Last Updated on Tuesday, 27 April 2021, 7:50 by Denis Chabrol

Vice President Bharrat Jagdeo (fifth from left). The gas-to-shore project task force is being led by financial expert Winston Brassington and includes Senior Petroleum Coordinator Bobby Gossai, United Kingdom gas expert Simon Shaw, Head of the Petroleum Division of the Guyana Geology and Mines Commission Chris Lynch, Geologist at the Ministry of Natural Resources Martin Pertab, Chief Planning Officer of the Central Housing and Planning Authority (CH&PA) Jermaine Stuart

Vice President Bharrat Jagdeo on Monday insisted that the proposed US$810 million to US$900 million gas-to-shore project would be viable in years to come, despite ongoing progress in scaling up renewable energy sources and reducing dependence on fossil fuels.

“I don’t believe fossil fuel prices will fall. You still have a large number of years when fossil fuel prices will fluctuate and it may get even higher,” said Mr. Jagdeo, an economist and former Finance Minister. He reasoned that major financial institutions were not funding green energy projects and that meant that new projects would not come on stream. He queried whether renewable energy would fill the gap of fossil fuels or there would be a huge shortfall. “If there is a shortfall and they can’t fill the gap, the prices are going to go up because you don’t have increase in supply, you don’t have the development of new fields or switching,” he said.

The Vice President noted that spot changes such as conflicts can easily spike oil prices.

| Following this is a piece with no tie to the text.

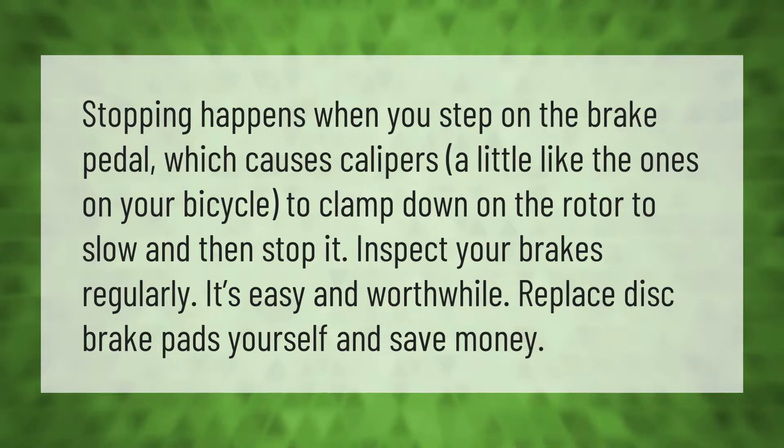Stopping happens when you step on the brake pedal, which causes calipers — a little like the ones on your bicycle — to clamp down on the rotor to slow and then stop it. Inspect your brakes regularly; it's easy and worthwhile. Replace disc brake pads yourself and save money.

Mr. Jagdeo sought to assure Guyanese that the almost US$1 billion investment in the gas-to-shore project makes sense, even as  US energy secretary Jennifer Granholm urged oil companies to diversify away from fossil fuels as major  industrialised nations agreed to cut carbon emissions by as much as 52 percent by 2030 under the Paris Climate Accord.  The US, India, China and the European Union earlier this month agreed at the US-led Climate Summit to build renewable energy sources, transmission, and energy storage and leverage the carbon pollution-free energy potential of power plants retrofitted with carbon capture and existing nuclear.

At today’s oil prices, Mr. Jagdeo relied on five studies by A Partnership for National Unity+Alliance For Change (APN+AFC) government to state that Guyana would save US$150 million annually in the cost of Heavy Fuel Oils for generating electricity and Guyanese electricity bills would be reduced by 50 percent. “The price of power that people pay now will be half , cut by half. That’s our aim so this here accrues to them,” he told a media briefing held at the  Arthur Chung Conference Centre (ACCC).

He said current figures show that the Guyana Power and Light (GPL) is selling electricity at US 30 cents per kilowatt hour, but the gas-powered electricity plant would be US 15 cents and “still make a profit.” He said after the cost of the pipeline is repaid, the price of electricity would be further reduced to US 5 cents per kilowatt hour.

The proposed gas-to-shore project, which is expected to be located at Wales, West Bank Demerara, is also expected to produce urea, ammonia and animal protein for the agricultural sector as well as cheap cooking gas for Guyanese. But Mr. Jagdeo offered no projected revenues from the total operation when it comes on stream by 2024.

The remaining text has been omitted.